A country as huge as China doesn’t have one national cuisine. Instead, styles vary by region with Cantonese (Guangdong) cooking most familiar to us in the UK. Northern cuisine, like Peking duck in Beijing, is filling and hearty. Southern, including Cantonese, is the most exotic, with varied dishes like dim sum and the use of unusual meats like dog, snake, and turtle. Eastern cuisine, including the food of Shanghai, is rich, sweet, and sour, with a lot of seafood. And Western cuisine, including Sichuan, tends to be bold and spicy, with classic dishes like kung po chicken.
Beijing’s most famous dish is glazed with syrup and slow roasted until it turns a glossy red-brown colour. The crispy skin is so good that authentic eateries dish up more skin than meat, sliced in front of you by the cook. Wrap your duck in a thin pancake, smother it with hoisin or sweet plum sauce and add cucumbers or onions.

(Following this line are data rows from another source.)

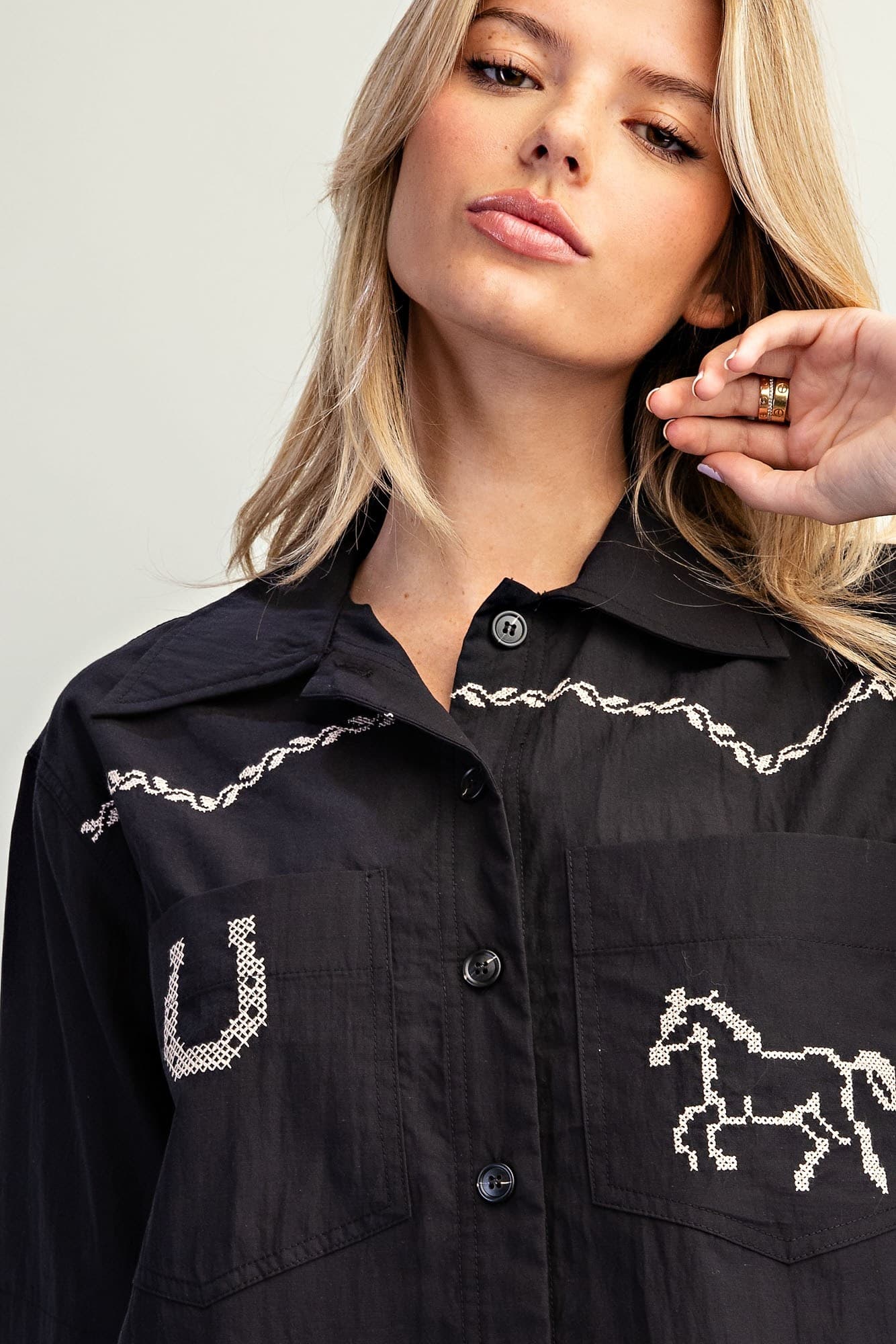 TH17352 - BLACK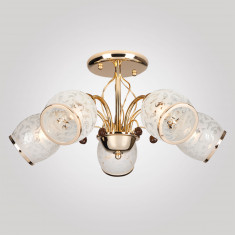 Потолочный светильник 30026/5 золото &mdash; Multielectrika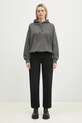 Carhartt WIP hanorac de bumbac Hooded Lumo Sweat I034375.89GD gri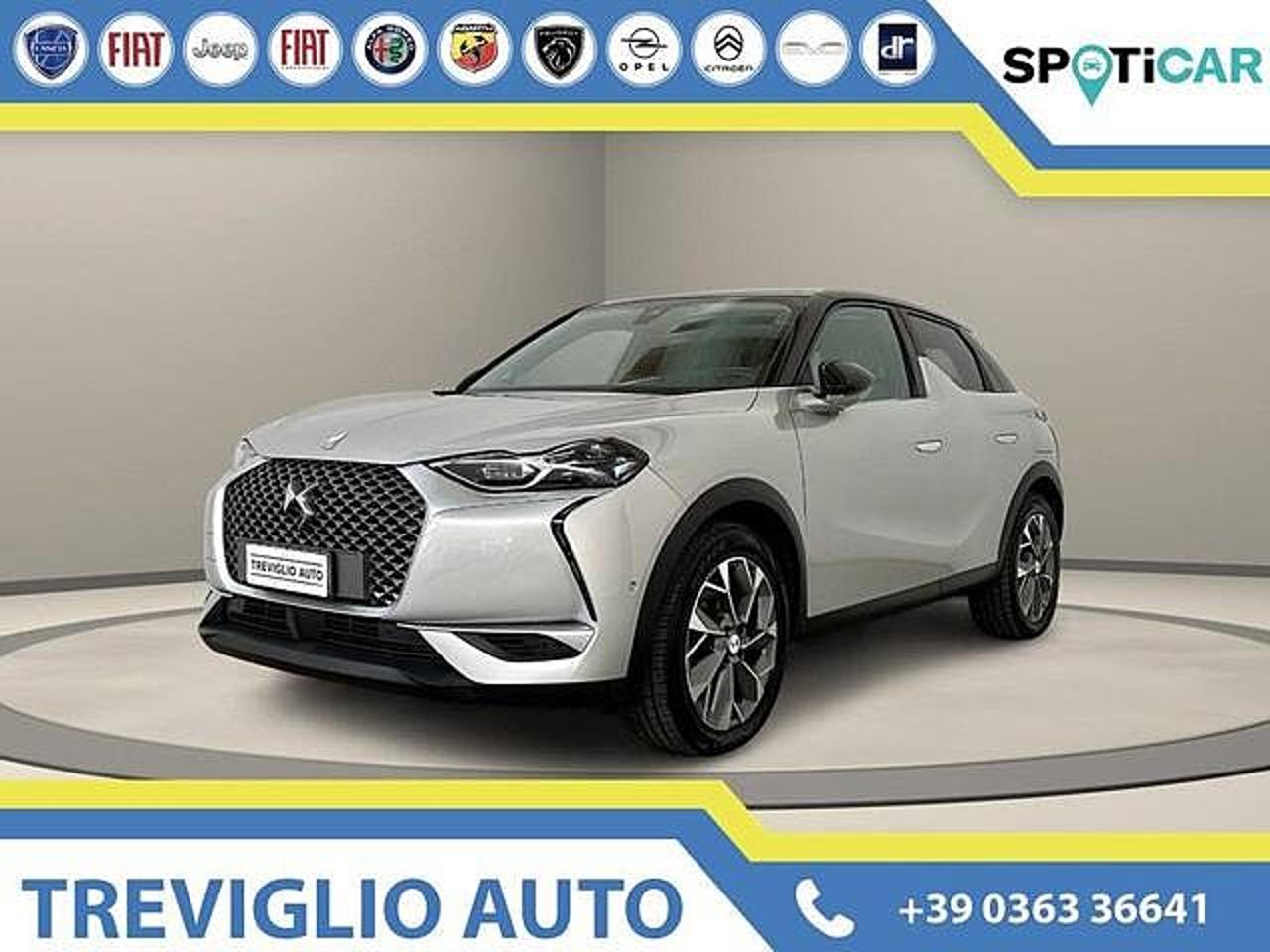 DS DS DS 3 Crossback DS 3 CROSSBACK So Chic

A religion in Hong Kong, dim sum consists of bite-sized portions, usually steamed, served in bamboo baskets and shared. There are thousands of dim sum delicacies available, including pork buns, spring rolls and shrimp dumplings. Going for dim sum is known as yum cha, translated as ‘to drink tea’, which is traditionally served with the meal (or vice versa).
Like a Chinese version of fondue, Mongolian hotpot is a communal meal centred on a large pot of simmering broth, into which a variety of uncooked meats and vegetables are dipped, cooking them on the spot. Eaten for over a thousand years, it is believed to have all kinds of restorative effects on the body.
Street food might be a little less common than it used to be, but we still think the route to experiencing the real China is through your stomach. Follow your nose to back alleys and markets, letting your taste buds discover slippery dumplings, pan-fried noodles, stuffed rice balls, grilled kebabs, warm wonton soup, and tea eggs, hard-boiled in green tea and soy sauce. In Beijing, Wangfujing night market has all these delights, not to mention some more unusual and acquired tastes, like skewered scorpions. Be careful to only order street food from vendors whose food is clean, fresh, and cooked right in front of you.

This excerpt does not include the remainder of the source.